Нара покосилась на Яна, но тот сидел неподвижно, запрокинув лицо к небу, и, казалось, не слышал их разговора. Юноша усмехнулся.
– Спойте для меня, принцесса. Балладу об Айал-Гаче. Так его называют ксайлахские кочевники. Айал-Гач, он же Странник. Злой колдун, который обманом захватил одно царство-государство, и заколдовал там всех людей, сделав их своими приспешниками.

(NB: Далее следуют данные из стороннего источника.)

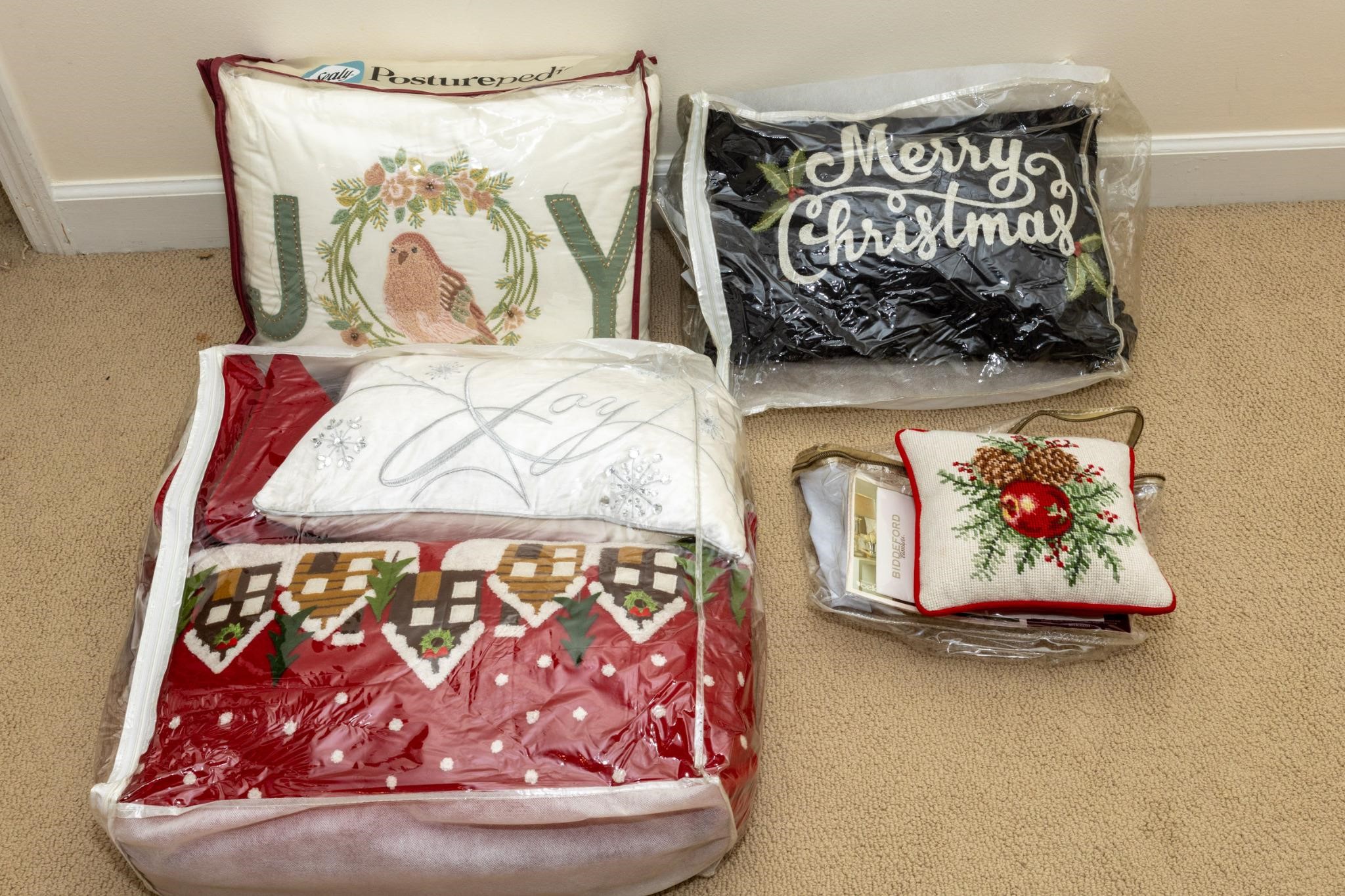 Eight winter and Christmas throw pillows.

– Я не знаю такой песни, - с удивлением сказала Нара.
– Жаль, - юноша вздохнул.
– Я могу спеть "В прах рассыпались мечты", - сказала Нара.
Эту песенку воспитанницы приюта разучивали на уроках музыки, аккомпанируя на лютне и клавикорде.
– О, шедевр салонной лирики, - обрадовался юноша.
– Давайте! Я готов.
– А вы нам заплатите за это?
– спросила она.
– Я уже вам заплатил. Двумя днями ранее.
Юноша прижал к груди лютню и коснулся струн. Полилась нежная, печальная мелодия. Нара вздохнула и запела.
Было когда-то мне счастье дано
С тем, кого сердце желает мое...
Прихожане один за другим выходили из храма, но не спешили расходиться по домам. С улыбками на лицах стояли они вокруг паперти, слушая песню. На каменные ступени со звоном падали монеты. Какой-то молодой человек в чёрном пальто и бордовом шарфе, обмотанном вокруг шеи, протянул Наре пару медных. Она взяла деньги и кивнула в знак благодарности.
Сердце, прошу, ты его отпусти,
Сердце, не плачь, но забудь и прости...
Юноша закончил играть и опустил лютню.
– Прекрасно, прекрасно. Это было незабываемо, - сказал он.
– Когда вы взойдёте на престол, принцесса, я уж не осмелюсь потребовать от вас песню. Премного благодарен, что вы позволили мне воспользоваться шансом. За сим откланиваюсь, Ваше Высочество.
Юноша склонил голову и с почтением прикоснулся к своей алой шапке. Нара в растерянности взглянула на Яна, а когда она снова повернулась к лютнисту, его уже не было. Ни Ян, ни один из людей, стоявших на паперти, не услышал музыку лютни. И никто из зрячих так и не разглядел странного лютниста, хотя юношу, разодетого в яркий кафтан и шапку с пером, трудно было не заметить. Один лишь молодой человек в чёрном пальто, который был поэтом, смутно догадывался, что кто-то играл на лютне, а песня о разбитом сердце предназначалась вовсе не для ушей простого смертного.